Conversas do WhatsApp podem conter informações relevantes para comprovar contratos, pagamentos, cobranças, negociações, ordens de trabalho, prestação de serviços, ameaças, compromissos e diversos outros acontecimentos.

Mensagens de texto, áudios, fotografias, vídeos, documentos e registros de chamadas podem contribuir para esclarecer os fatos. Entretanto, a simples apresentação de um print ou da conversa exportada não garante que o conteúdo será automaticamente aceito como prova nem que será suficiente para demonstrar o direito alegado.

A análise depende do caso concreto, da forma como o material foi obtido, da identificação dos participantes, da preservação do contexto e da possibilidade de verificar sua autenticidade e integridade.

ÍNDICE DO CONTEÚDO

A lista a seguir permite ir diretamente ao tópico de interesse, sem necessidade de percorrer todo o conteúdo.

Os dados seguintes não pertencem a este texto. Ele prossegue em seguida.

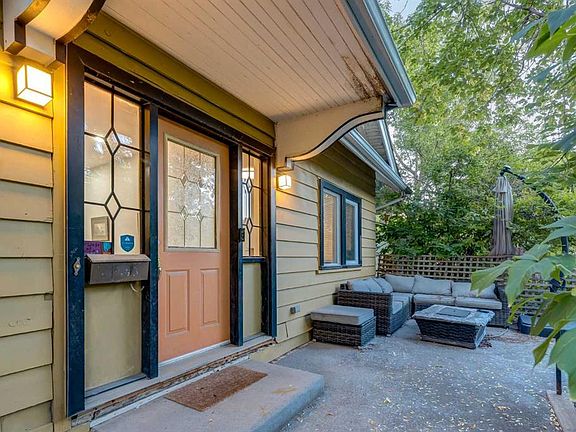 4th image of 1424 Premier Way SW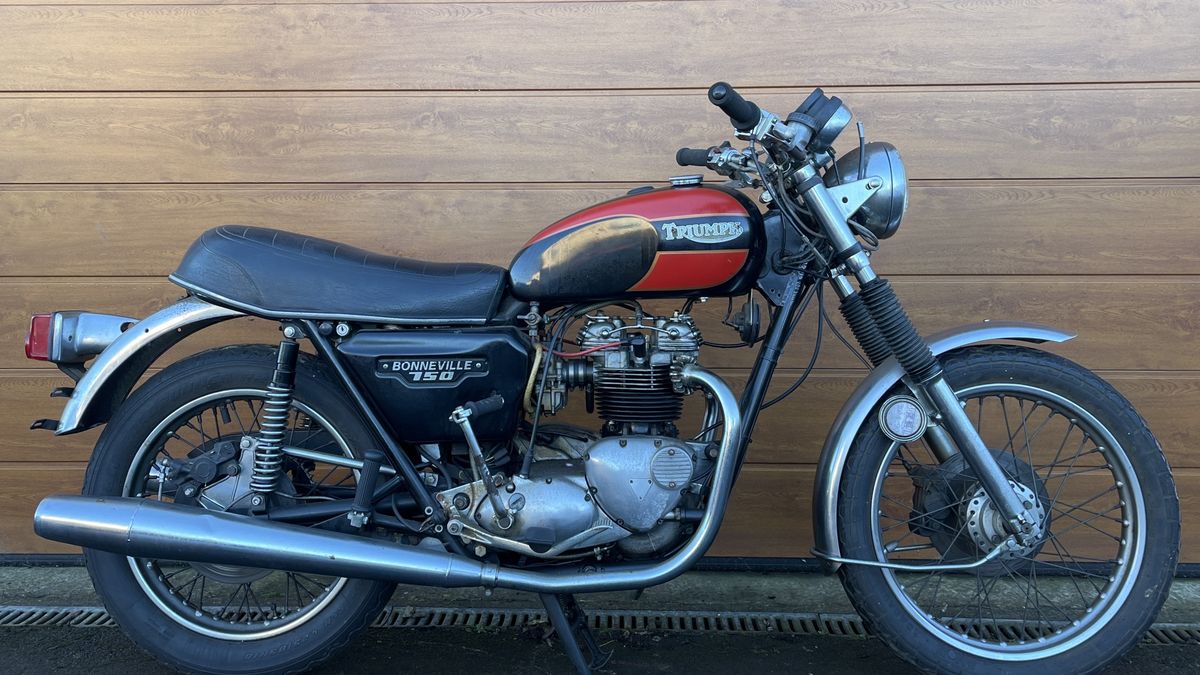 T140e 1981 Triumph Bonneville T140E in United Kingdom - For Sale by Auction ...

Conversas do WhatsApp podem ser apresentadas em um processo?

Em princípio, sim.

O Código de Processo Civil permite que as partes utilizem os meios legais e moralmente legítimos para demonstrar os fatos relacionados ao pedido ou à defesa. Também contém regras específicas sobre documentos eletrônicos e sobre a ata notarial.

Os artigos 439 a 441 tratam da utilização de documentos eletrônicos e permitem que o juiz avalie seu valor probatório, assegurando às partes acesso ao conteúdo. Consulte o Código de Processo Civil.

Isso não significa que toda mensagem será necessariamente aceita como verdadeira. A outra parte poderá questionar, por exemplo:

  • quem enviou a mensagem;
  • a quem pertence o número;
  • se houve cortes ou edições;
  • se mensagens anteriores ou posteriores foram omitidas;
  • se o conteúdo foi obtido de maneira lícita;
  • se os arquivos apresentados correspondem aos originais;
  • se a conversa realmente se refere aos fatos discutidos;
  • se houve alteração na sequência ou nas datas.

O juiz analisará o material em conjunto com as demais provas do processo.

O que torna uma prova digital mais confiável?

A confiabilidade de uma conversa pode envolver diferentes aspectos.

Autenticidade

A autenticidade está relacionada à origem e à autoria do conteúdo. É necessário avaliar se a mensagem foi realmente enviada pela pessoa a quem está sendo atribuída.

A fotografia do perfil e o nome salvo na agenda, isoladamente, podem não ser suficientes, pois são informações que o próprio usuário consegue alterar.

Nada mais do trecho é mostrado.